====== EXERCISE MATERIALS

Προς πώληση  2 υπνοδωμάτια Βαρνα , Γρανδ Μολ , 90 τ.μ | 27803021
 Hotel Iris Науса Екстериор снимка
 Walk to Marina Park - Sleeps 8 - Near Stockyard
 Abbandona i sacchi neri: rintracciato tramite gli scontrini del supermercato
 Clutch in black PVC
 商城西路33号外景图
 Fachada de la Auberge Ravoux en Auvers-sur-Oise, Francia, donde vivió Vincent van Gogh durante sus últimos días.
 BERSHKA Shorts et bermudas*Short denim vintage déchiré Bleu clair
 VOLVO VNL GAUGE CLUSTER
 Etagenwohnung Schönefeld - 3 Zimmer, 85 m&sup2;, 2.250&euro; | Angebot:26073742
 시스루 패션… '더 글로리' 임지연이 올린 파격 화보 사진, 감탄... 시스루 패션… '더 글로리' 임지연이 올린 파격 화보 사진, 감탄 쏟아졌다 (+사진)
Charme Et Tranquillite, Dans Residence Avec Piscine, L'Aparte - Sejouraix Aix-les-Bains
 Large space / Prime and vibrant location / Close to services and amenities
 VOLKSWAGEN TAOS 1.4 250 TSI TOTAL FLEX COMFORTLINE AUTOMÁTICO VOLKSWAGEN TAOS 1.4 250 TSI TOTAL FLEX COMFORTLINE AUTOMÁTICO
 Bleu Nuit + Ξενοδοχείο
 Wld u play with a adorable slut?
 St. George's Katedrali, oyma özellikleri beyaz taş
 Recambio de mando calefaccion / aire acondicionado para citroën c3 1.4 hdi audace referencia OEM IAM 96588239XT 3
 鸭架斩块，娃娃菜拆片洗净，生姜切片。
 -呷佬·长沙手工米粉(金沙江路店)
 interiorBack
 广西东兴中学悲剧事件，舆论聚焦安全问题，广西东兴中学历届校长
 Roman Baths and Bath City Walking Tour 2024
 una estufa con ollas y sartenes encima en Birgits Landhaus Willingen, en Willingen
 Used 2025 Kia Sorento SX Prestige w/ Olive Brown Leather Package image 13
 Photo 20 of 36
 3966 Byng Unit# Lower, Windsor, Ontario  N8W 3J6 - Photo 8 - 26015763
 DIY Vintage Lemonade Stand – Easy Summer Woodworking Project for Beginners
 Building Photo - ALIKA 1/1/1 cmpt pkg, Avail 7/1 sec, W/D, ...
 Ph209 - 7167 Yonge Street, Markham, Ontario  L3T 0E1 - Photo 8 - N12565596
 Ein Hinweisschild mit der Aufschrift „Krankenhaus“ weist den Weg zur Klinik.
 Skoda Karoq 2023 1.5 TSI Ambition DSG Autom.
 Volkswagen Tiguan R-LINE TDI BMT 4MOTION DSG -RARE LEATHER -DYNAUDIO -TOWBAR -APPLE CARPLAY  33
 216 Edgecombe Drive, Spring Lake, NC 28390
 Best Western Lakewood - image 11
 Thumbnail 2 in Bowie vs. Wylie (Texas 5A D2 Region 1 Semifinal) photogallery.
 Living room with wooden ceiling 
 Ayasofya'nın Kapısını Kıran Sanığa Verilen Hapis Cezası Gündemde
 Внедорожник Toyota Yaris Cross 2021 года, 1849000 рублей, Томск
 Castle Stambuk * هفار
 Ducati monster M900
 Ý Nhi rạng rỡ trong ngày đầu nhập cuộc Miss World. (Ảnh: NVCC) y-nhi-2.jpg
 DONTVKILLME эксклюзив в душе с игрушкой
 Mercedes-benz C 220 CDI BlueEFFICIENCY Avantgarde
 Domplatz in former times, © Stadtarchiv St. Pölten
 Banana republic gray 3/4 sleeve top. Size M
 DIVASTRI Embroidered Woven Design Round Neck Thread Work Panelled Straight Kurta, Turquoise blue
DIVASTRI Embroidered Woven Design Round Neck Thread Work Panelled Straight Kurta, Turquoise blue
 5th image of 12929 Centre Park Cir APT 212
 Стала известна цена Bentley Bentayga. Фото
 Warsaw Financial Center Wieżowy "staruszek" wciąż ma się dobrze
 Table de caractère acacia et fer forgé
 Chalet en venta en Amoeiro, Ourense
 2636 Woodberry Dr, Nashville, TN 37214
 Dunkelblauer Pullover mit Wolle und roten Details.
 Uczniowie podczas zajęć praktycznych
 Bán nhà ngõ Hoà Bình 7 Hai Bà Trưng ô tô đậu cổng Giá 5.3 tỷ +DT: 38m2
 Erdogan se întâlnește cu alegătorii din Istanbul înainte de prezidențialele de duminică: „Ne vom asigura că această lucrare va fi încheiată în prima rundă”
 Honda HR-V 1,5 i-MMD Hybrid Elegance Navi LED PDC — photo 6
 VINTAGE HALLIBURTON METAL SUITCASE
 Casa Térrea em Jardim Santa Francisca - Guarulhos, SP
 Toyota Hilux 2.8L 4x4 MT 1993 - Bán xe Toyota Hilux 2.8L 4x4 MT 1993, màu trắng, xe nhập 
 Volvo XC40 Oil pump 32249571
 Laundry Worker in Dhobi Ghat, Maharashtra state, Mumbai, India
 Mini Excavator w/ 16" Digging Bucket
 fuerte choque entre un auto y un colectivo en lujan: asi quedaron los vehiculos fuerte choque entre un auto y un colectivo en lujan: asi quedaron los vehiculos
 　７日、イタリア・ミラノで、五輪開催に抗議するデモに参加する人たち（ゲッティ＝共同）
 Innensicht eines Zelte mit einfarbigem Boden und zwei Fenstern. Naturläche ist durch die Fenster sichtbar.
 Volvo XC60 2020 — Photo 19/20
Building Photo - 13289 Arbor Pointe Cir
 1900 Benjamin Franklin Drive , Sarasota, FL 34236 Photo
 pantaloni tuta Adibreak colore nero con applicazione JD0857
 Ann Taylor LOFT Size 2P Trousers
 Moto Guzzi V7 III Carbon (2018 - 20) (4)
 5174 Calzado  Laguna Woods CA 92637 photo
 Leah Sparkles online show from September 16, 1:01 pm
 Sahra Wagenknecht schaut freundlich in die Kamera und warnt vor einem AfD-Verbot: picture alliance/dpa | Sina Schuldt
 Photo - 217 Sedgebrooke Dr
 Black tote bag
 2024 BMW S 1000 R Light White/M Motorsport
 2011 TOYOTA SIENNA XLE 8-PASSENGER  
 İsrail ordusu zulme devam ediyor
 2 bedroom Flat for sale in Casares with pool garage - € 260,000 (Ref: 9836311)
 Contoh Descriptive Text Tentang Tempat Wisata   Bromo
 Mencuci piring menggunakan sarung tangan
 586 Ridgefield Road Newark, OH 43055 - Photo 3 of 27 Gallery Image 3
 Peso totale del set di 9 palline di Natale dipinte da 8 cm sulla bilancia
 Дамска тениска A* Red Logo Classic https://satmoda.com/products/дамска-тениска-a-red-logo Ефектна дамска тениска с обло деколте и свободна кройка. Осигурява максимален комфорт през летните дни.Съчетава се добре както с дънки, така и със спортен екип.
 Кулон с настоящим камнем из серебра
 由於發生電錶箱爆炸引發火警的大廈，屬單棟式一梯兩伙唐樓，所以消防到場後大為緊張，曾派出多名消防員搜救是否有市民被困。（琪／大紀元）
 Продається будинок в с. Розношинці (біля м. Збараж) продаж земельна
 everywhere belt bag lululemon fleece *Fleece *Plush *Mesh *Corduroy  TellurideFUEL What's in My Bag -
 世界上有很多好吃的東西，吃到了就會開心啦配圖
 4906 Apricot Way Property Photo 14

============

* [TASK]: Take the records above and return, word for word, only the lines that fall from the line with "Volkswagen Tiguan R-LINE" to the line with "Ayasofya'nın Kapısını Kıran", both of them included.

* [ANSWER BOX]:
 Volkswagen Tiguan R-LINE TDI BMT 4MOTION DSG -RARE LEATHER -DYNAUDIO -TOWBAR -APPLE CARPLAY  33
 216 Edgecombe Drive, Spring Lake, NC 28390
 Best Western Lakewood - image 11
 Thumbnail 2 in Bowie vs. Wylie (Texas 5A D2 Region 1 Semifinal) photogallery.
 Living room with wooden ceiling 
 Ayasofya'nın Kapısını Kıran Sanığa Verilen Hapis Cezası Gündemde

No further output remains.